Bawang mengandung banyak senyawa bermanfaat, seperti flavonoid. Quercetin, flavonoid utama dalam bawang, telah terbukti memiliki sifat antioksidan dan antibakteri. Selain itu, banyak senyawa dalam bawang merah memiliki nilai gizi yang tinggi. Selain itu, film yang terbuat dari bawang menunjukkan penghalang uap air yang baik dan sifat mekanik. Tes sitotoksik dan mutagenikitas menunjukkan bahwa biofilm bawang tidak berbahaya bagi kesehatan manusia.


Sejauh ini, lebih dari 35 tanaman yang berbeda telah digunakan dalam kemasan makanan primer, dan bawang tampaknya menjadi yang paling menjanjikan.

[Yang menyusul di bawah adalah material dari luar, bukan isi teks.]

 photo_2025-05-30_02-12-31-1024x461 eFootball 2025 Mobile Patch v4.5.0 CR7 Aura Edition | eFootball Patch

Bahan-bahan ini harus mematuhi peraturan, yang menetapkan bahwa mereka dapat digunakan sebagai kemasan makanan yang aman.


Dalam kemasan makanan, bahan alternatif ini dapat memainkan peran pasif atau aktif, tergantung pada makanan yang diawetkan. Fungsi non pasif meliputi karakteristik antioksidan, nutrisi dan sensorik dari kemasan sayuran dan buah.


Ketika datang ke produk daging sapi, faktor visual utama yang mempengaruhi keputusan pembelian konsumen adalah warnanya. Oksidasi adalah faktor utama dalam perubahan warna. Ini juga akan mengubah asam amino dalam daging, yang mengakibatkan pecahnya struktur peptida.


Biofilm bawang yang dapat dimakan menstabilkan kemerahan kue daging dengan memperlambat proses oksidasi. Ini diamati untuk nilai kemerahan dan kekuningan (disebabkan oleh oksidasi lipid). Film bawang yang dapat dimakan juga mengurangi nilai pH kue daging sapi berlapis dan meningkatkan kualitas produk.